I love this picture (above), and I love this kid! This was for many years my favorite picture of myself. It was taken during my sixth grade year in Mrs. Murrata's class at Cheremoya Avenue Elementary School.

With my mother away in Mexico, as I struggled to fit into the dominance hierarchy of sixth grade, the 1970-1971 academic year was hard.

In the summer of 1971, I returned to camp JCA, Barton Flats, in the San Bernadino mountains (photos above right and below)

 

As you can see in the photo above, I was (far left) the smallest kid in our platform tent, by a head. I was also socially isolated with nobody relating much to me, and with me not connecting much to anyone else.

I do remember enjoying doing some photography with my "Instamatic" camera, and doing my first dark room work at JCA.

My main impression of these faces, today as a father, 30 years later, is how incredibly beautiful we were as children. The other funny thing is the fact that those "adult" counselors standing behind us were just kids too.

 

 

In that summer the Vietnam war raged, and there was a lottery to decide which Americans would become its victims. I had barely noticed the war before that summer, but suddenly the question of what draft number our counselor would receive was the subject of intense conversation.

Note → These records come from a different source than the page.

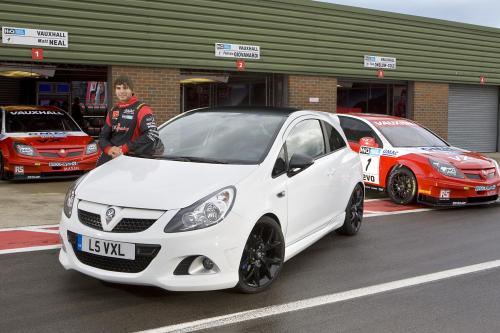 Vauxhall VXR8 LS3 and Corsa VXR (2008) - picture 1 of 9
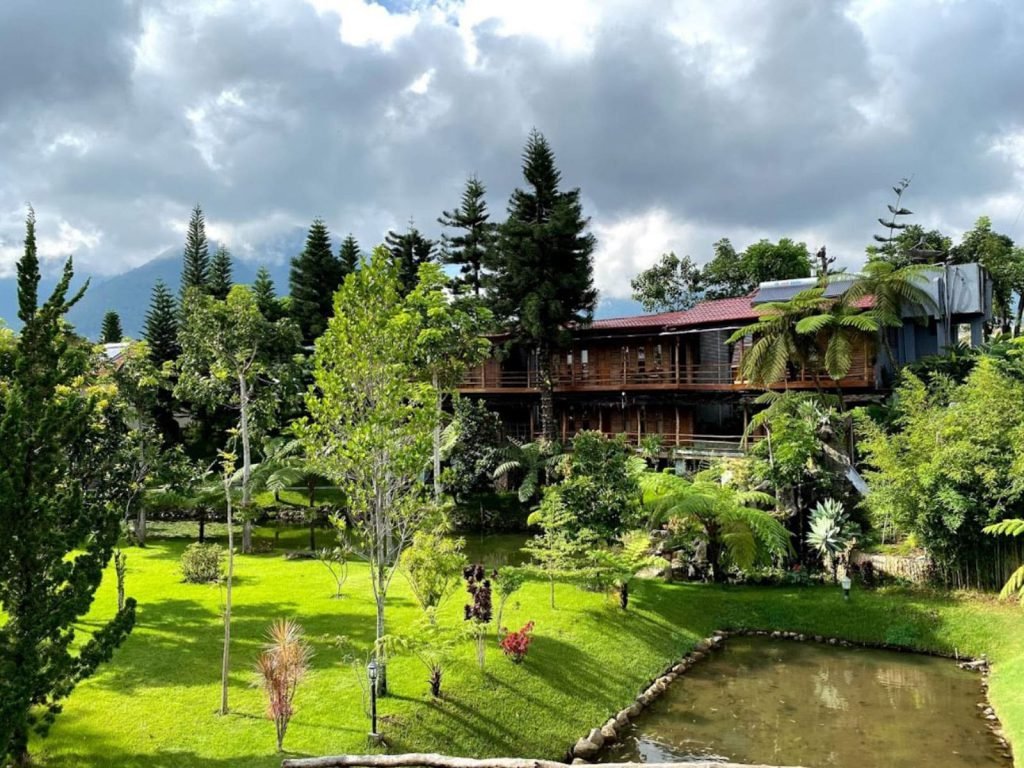 Flores, Ruteng, Spring Hill bungalow hotel | Rama Tours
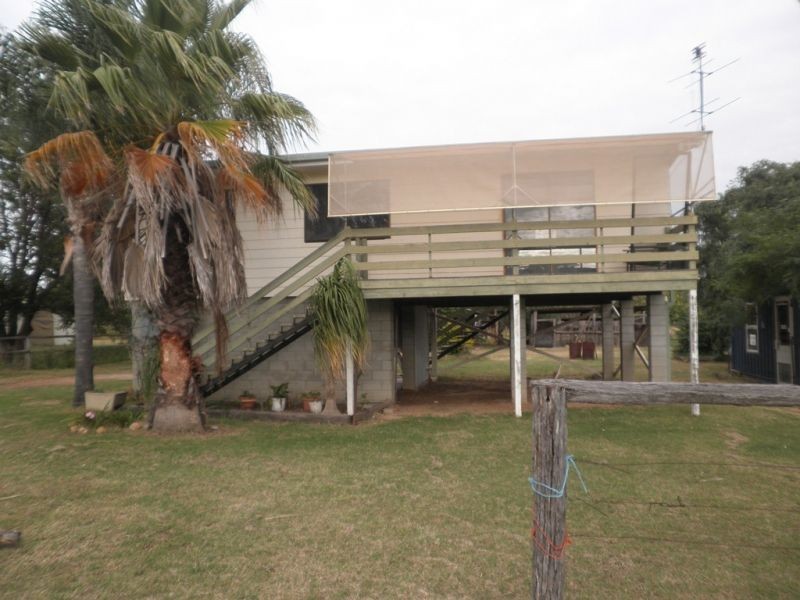 10 McNulty Street, Miles QLD 4415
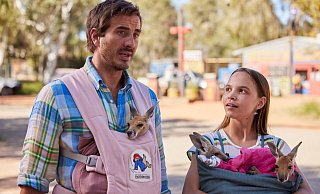 Plötzlich Känguru-Eltern: Wettermoderator Chris Masterman (Ryan Corr) und das Mädchen Lilly (Lily Whiteley). - Studiocanal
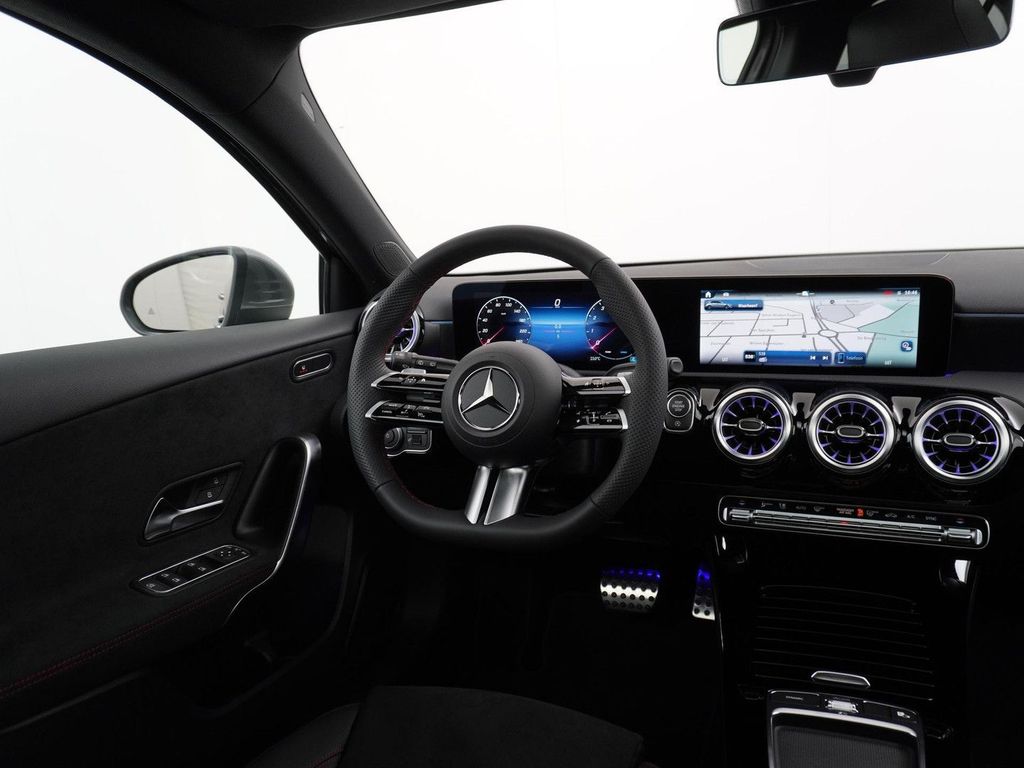 Mercedes-Benz A 180 Star Edition AMG Line | Panorama - Schiebe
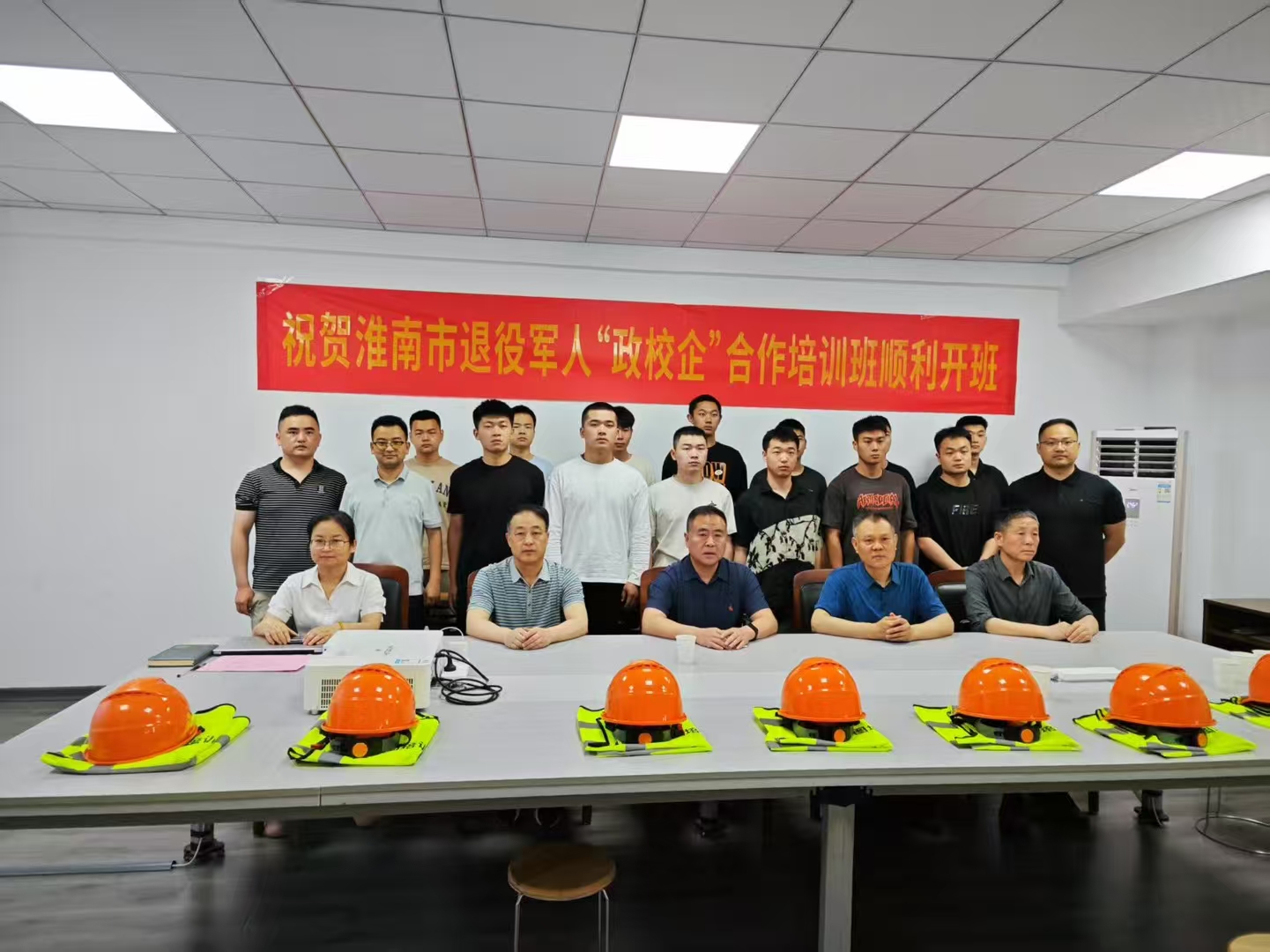 淮南市自主就业退役士兵技能培训班在我校开班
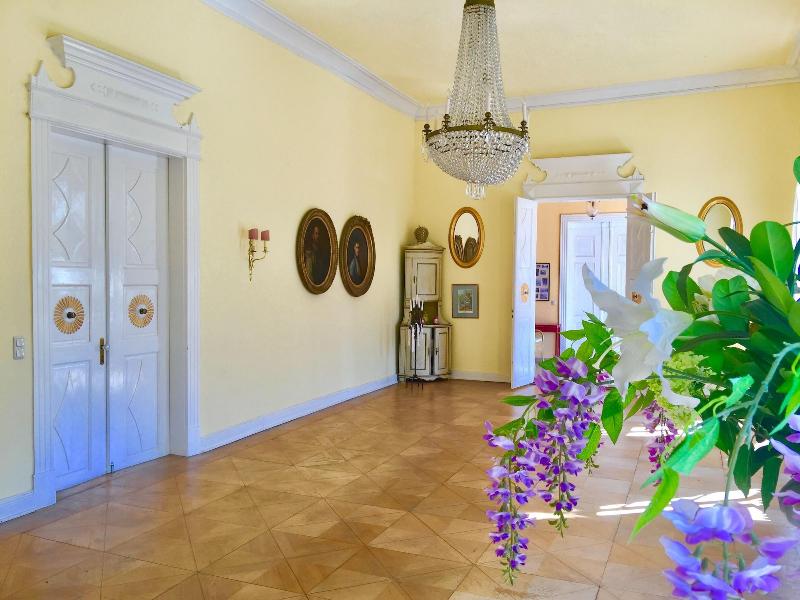 Schloss Dretzel image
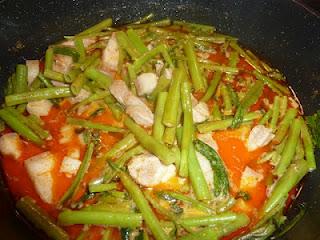 Gaeng Tehpoh – แกงเทโพ / Curry mit Schweinebauch und Wasserspinat / Morning Glory Curry with Pork Belly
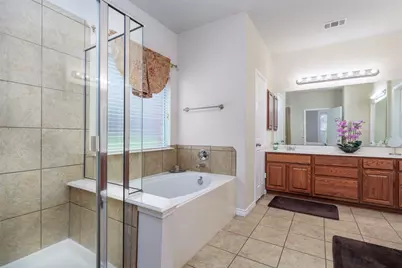 4924 Marsh Harrier Avenue, Grand Prairie, TX 75052 - Photo 21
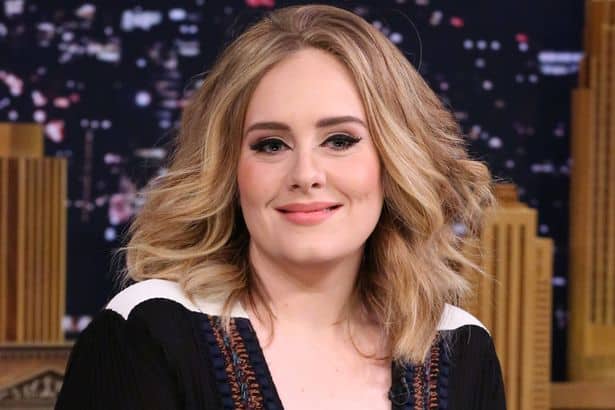 Adele surge irreconhecível em foto e internautas ficam chocados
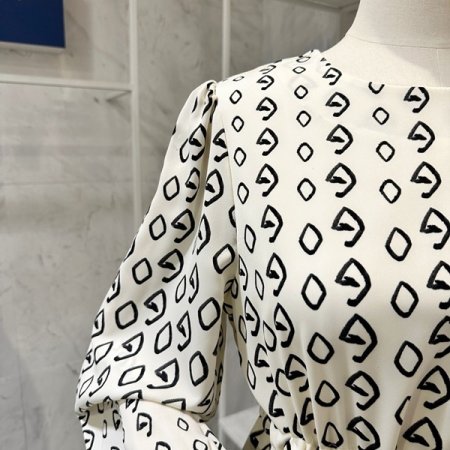 링 커브 스트링 원피스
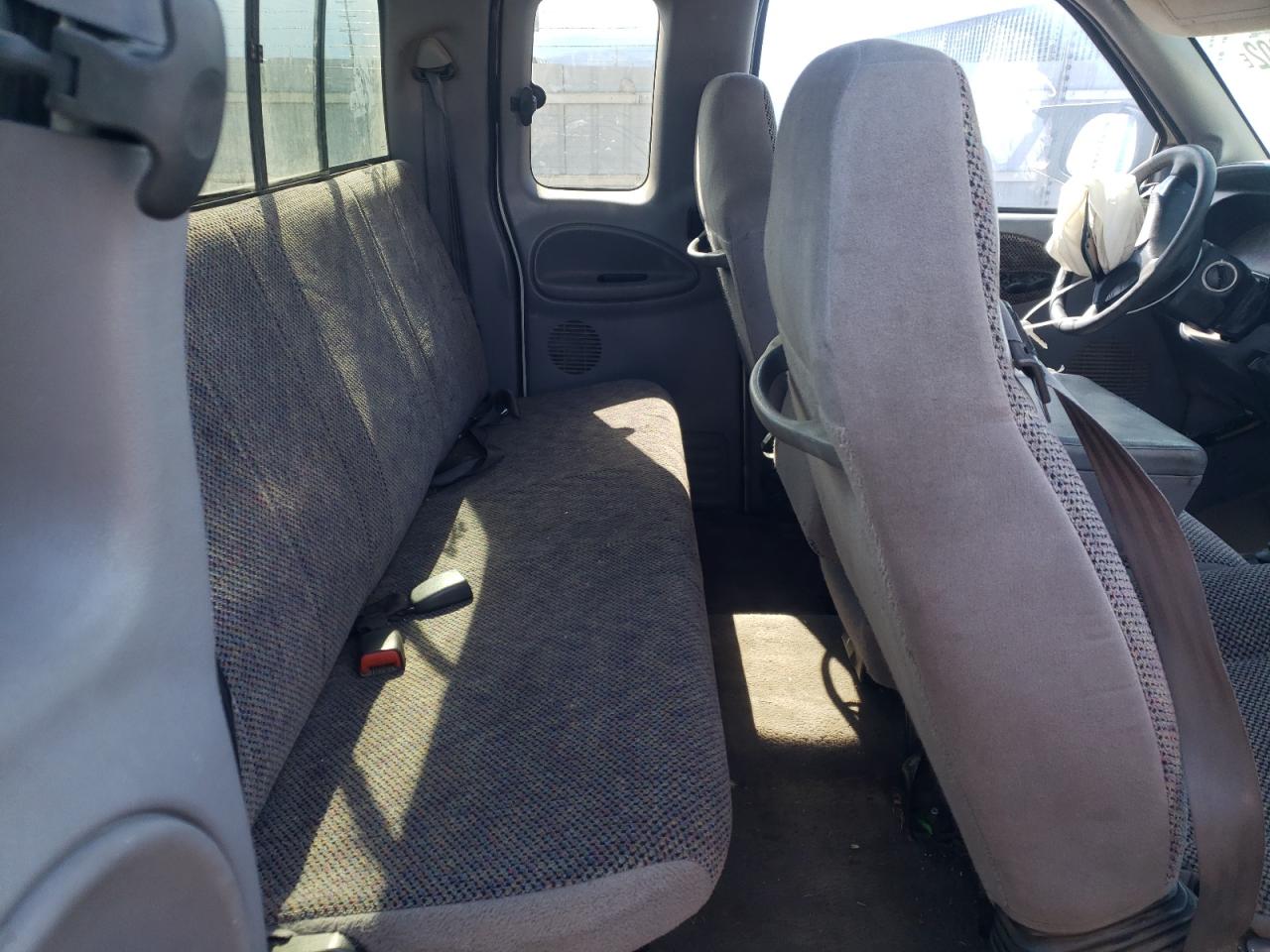 Photo 6 from auction – 1999 DODGE RAM 1500 with VIN 3B7HF13Z4XG228641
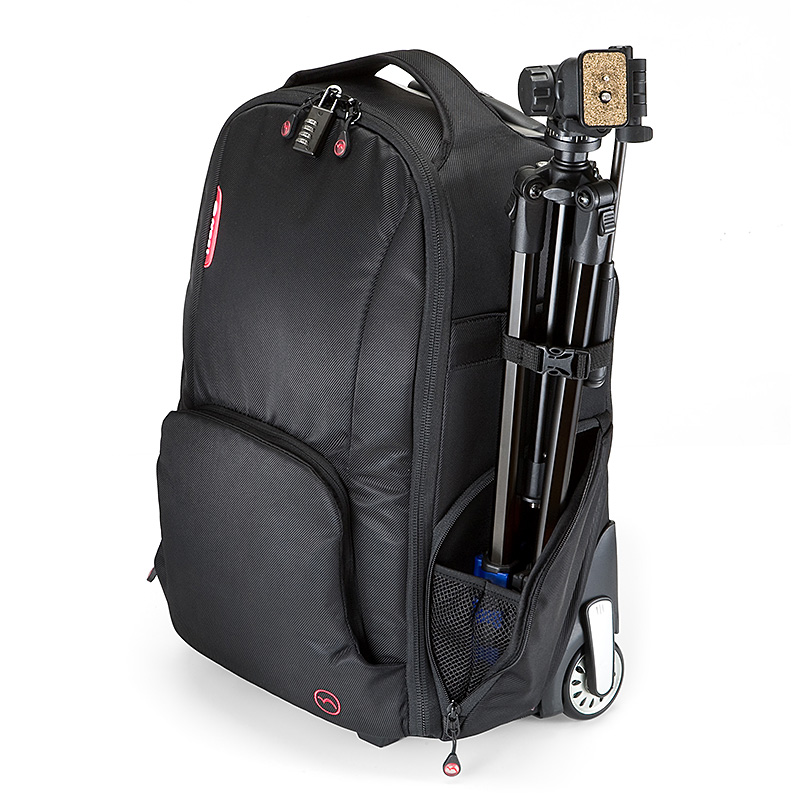 サイドに三脚を取り付けたところ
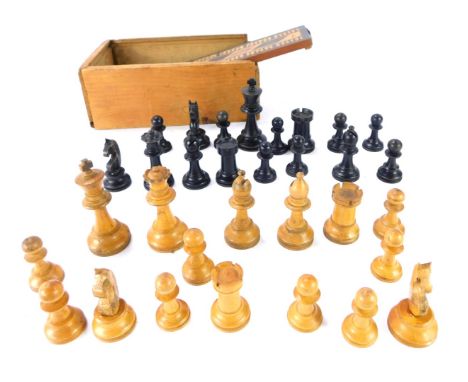 A Staunton wooden chess set, in a fitted wooden box, with cribbage board top, the king 8cm high.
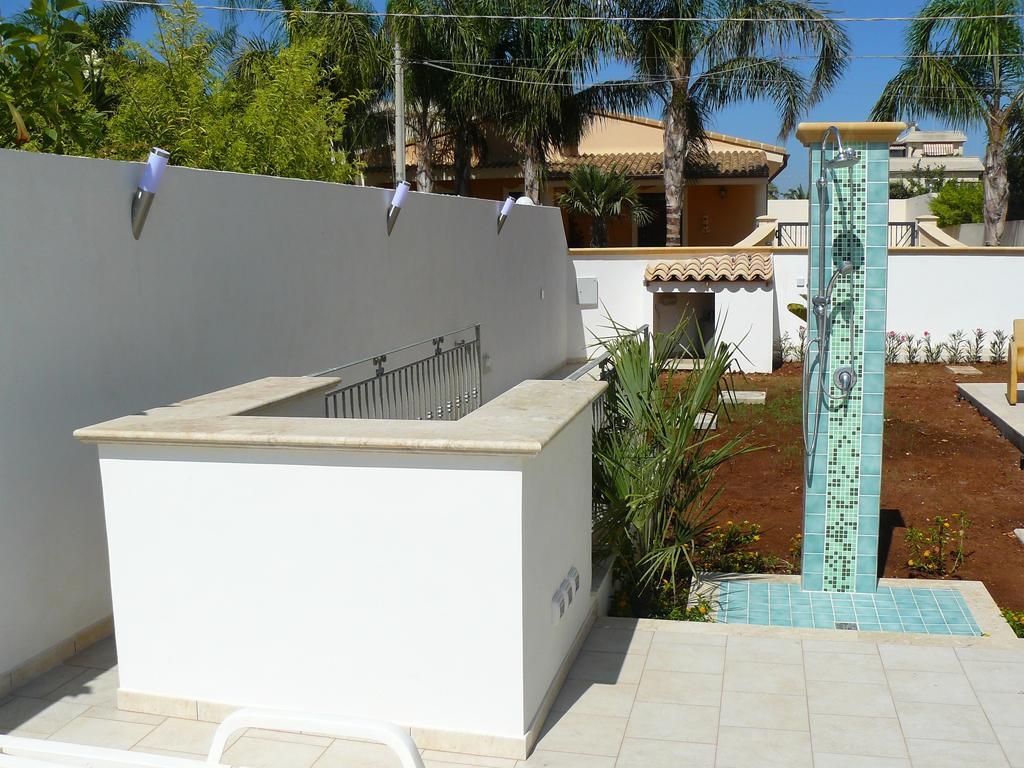 Oasi Tortuga Residence Piscina E Barbecue H24 マツァーラ・デル・ヴァッロ エクステリア 写真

In the picture to the left, a kid named Ira, and our counselor acted out the potential death of our counselor in Vietnam.

Today, that seems very mature to me for 12 year olds, but at the time the idea of acting out feelings in a skit was anathema to me. I didn't trust these kids, and who wanted to express how they felt about anything, for crying out loud?


Later in college I would be bummed out by the feeling that I had "missed the sixties." And I had.